Recueillis par Safaa KSAANI

Portrait

Le prestidigitateur des mots
Il met autant de temps à créer une grille qu’il en faut pour les résoudre, voire plus par moments. Le verbicruciste Moncef Benkiran s’est spécialisé dans les jeux de lettres depuis 1985. Sa passion pour les mots, elle, remonte à sa plus tendre enfance.

Paradoxalement, il était plus doué pour les mathématiques que pour la langue française. Mais concernant celle-ci, il avait un penchant plus prononcé pour la grammaire et la conjugaison que pour le vocabulaire.

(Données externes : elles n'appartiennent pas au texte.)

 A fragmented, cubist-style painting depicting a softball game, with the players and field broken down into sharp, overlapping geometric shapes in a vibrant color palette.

“Les dictées me passionnaient mais la rédaction ou l’expression écrite (construction de phrases) m’exaspérait», nous raconte-t-il sur un ton nostalgique.

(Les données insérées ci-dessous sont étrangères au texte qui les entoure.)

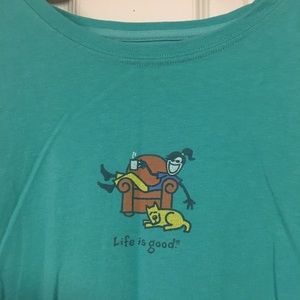 Life is Good shirt USED, teal size XXL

Ses débuts à « L’Opinion » étaient en 1986 sous un pseudonyme, car il était à ce moment verbicruciste pour d’autres publications. “J’ai même collaboré avec un magazine mensuel intitulé «Afrique Football» qui paraissait en France, cela me permettait de joindre l’utile à l’agréable avec ma passion pour le football”, nous confie-t-il non sans un brin de fierté. Cela fait donc plus de 3 décennies qu’il est fidèle à « L’Opinion », titillant les méninges de ses fidèles cruciverbistes.

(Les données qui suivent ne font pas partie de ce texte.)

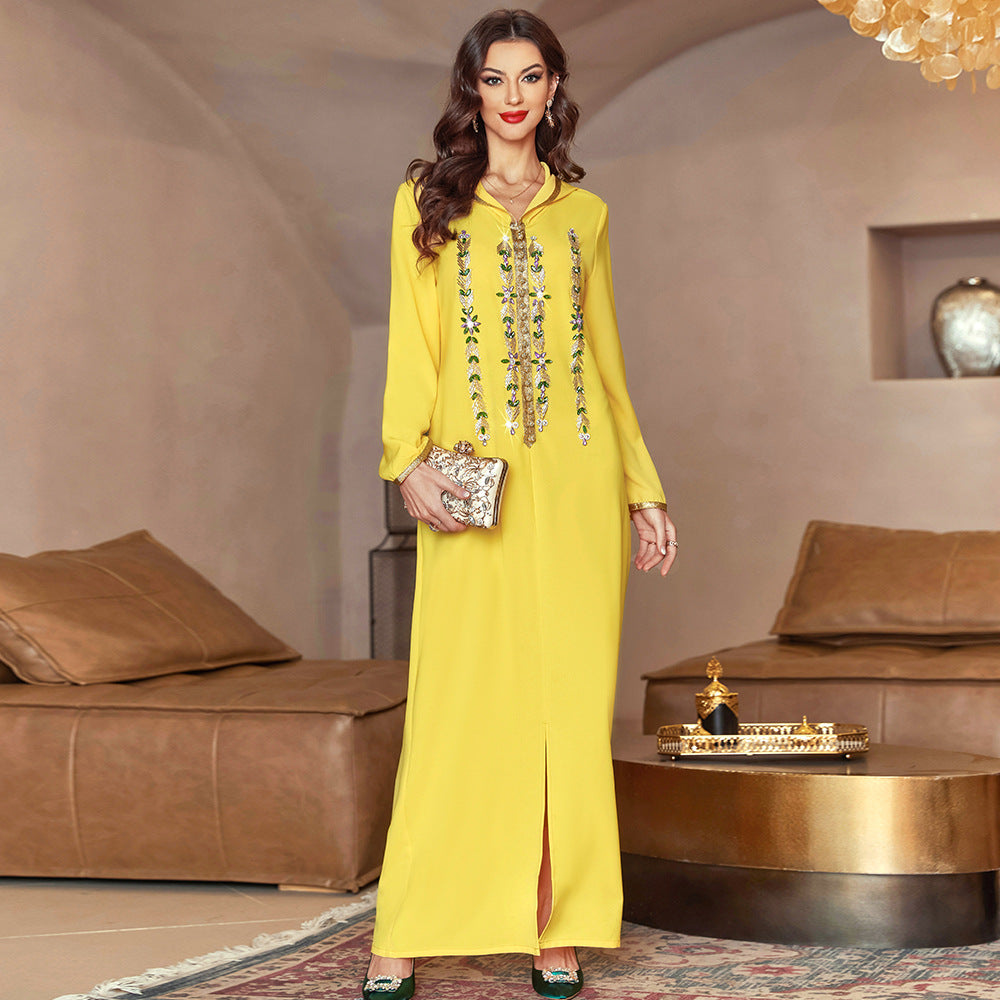 New Bright Yellow Hooded Spring Outing Middle East Long Dress Robe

Ce “sport” cérébral, qui requiert un bagage culturel assez conséquent pour en pratiquer régulièrement, possède des bienfaits avérés. Il stimule l’activité des neurones et il permettrait de prévenir le syndrome d’Alzheimer, selon des recherches scientifiques publiées dans des revues très sérieuses. Malheureusement, les cruciverbistes se font de plus en plus rares. Il faut dire que ls cruciverbistes ne sont plus aussi nombreux que par le passé. La Toile a changé bien des habitudes…

S. K. 

Repères

Les années de gloire des jeux de lettres
Les nostalgiques des arts et des lettres se rappelleront de l’émission phare ”Apostrophe”, sans doute le meilleur rendezvous littéraire de son temps de la télévision française. Celle-ci avait consacré en 1981 une émission aux jeux de lettres en invitant une palette d’intellectuels bien de renommée. À l’époque, Bernard Pivot, animateur mythique de l’émission, accueillit l’un des plus célèbres cruciverbistes de France, Max Favalelli, devant qui les invités sont restés cois quand il évoqua les origines des mots croisés, ancêtres des mots fléchés, et les obstacles qui ont entravé leur naissance. C’est d’ailleurs grâce à Arthur Wynne qui a attendu jusqu’en 1913 pour que la première grille soit publiée dans la rubrique “Fun” du “New York Times”, que les mots fléchés ont eu leur droit de cité. Cette petite plongée dans le passé leur a permis de se remémorer des années de gloire littéraire où les « jeux de mots » avaient la cote. Il faut dire que ce genre de sports cérébraux subit aujourd’hui, dans bien des contrées, un dédain de plus en plus patent. 
L’autre victime de l’évolution technologique
Les cafés, véritables points de chute des cruciverbistes les plus chevronnés, sont devenus, pour la plupart, peuplés de gens scotchés à leurs smartphones ou devant un match de foot à la télé. Mais cela n’empêche pas de rencontrer, à l’occasion, des adeptes des jeux cérébraux qui s’évertuent à perpétuer la tradition se mesurant à une, deux, voire trois grilles de mots fléchés par jour. Si cela prouve une chose, c’est que cette « discipline sportive » peine à survivre dans un monde de plus en plus connecté et de moins en moins cultivé… malheureusement.